All set? Now we need to deploy this out to our cluster.
$ scp -r dga-graphx/build/dist/ hostname:/path/on/disks
Now, let's scp our data out to the cluster. Navigate to the directory you downloaded the file to and run the command below.
$ scp example.csv hostname:/path/on/disks
Next, we need to ssh into our cluster.
$ ssh hostname
Now let's see if our files made it to the cluster. Run the command below and you should see a dist folder and example.tsv.
$ ls -al
If everything checks out! We can now copy our data set to a directory in hdfs. For this example we will create a directory in tmp for the input.

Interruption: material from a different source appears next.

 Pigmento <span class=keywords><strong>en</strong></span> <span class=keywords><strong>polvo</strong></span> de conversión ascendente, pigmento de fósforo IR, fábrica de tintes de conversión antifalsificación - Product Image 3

$ hdfs dfs -mkdir -p /tmp/dga/pr/input/
No need to create the output directory. That will be done for us when our job is complete.
Now let's copy our data onto hdfs.
$ hdfs dfs -copyFromLocal example.csv /tmp/dga/pr/input/
Finally, we can now run our analytic! The command below uses the built in DGARunner to run Leaf Compression.
$ cd /opt/dga/ $ ./dga-graphx pr -i hdfs://scc.silverdale.dev:8020/tmp/dga/pr/input/edges.csv -o hdfs://scc.silverdale.dev:8020/tmp/dga/pr/output/ -s /opt/spark -n NameOfJob -m spark://spark.master.url:7077 --S spark.executor.memory=30g --ca parallelism=378 --S spark.worker.timeout=400 --S spark.cores.max=126
The command above, runs the dga-graphx-0.0.1.jar and executes the DGARunner class. It passes in 5 command line arguments.
Is it done yet? If so, lets see the results!
$ mkdir results/ $ cd results $ hdfs dfs -copyToLocal /tmp/dga/pr/output/* .
What are all these parts? Don't worry, let's make them one! Note: You might need to open up a subdirectory to see the parts. Use the cd command to navigate.
$ cat part-* >> bigfile.txt $ vi bigfile.txt
And there you have it! You ran your first analytic with DGA!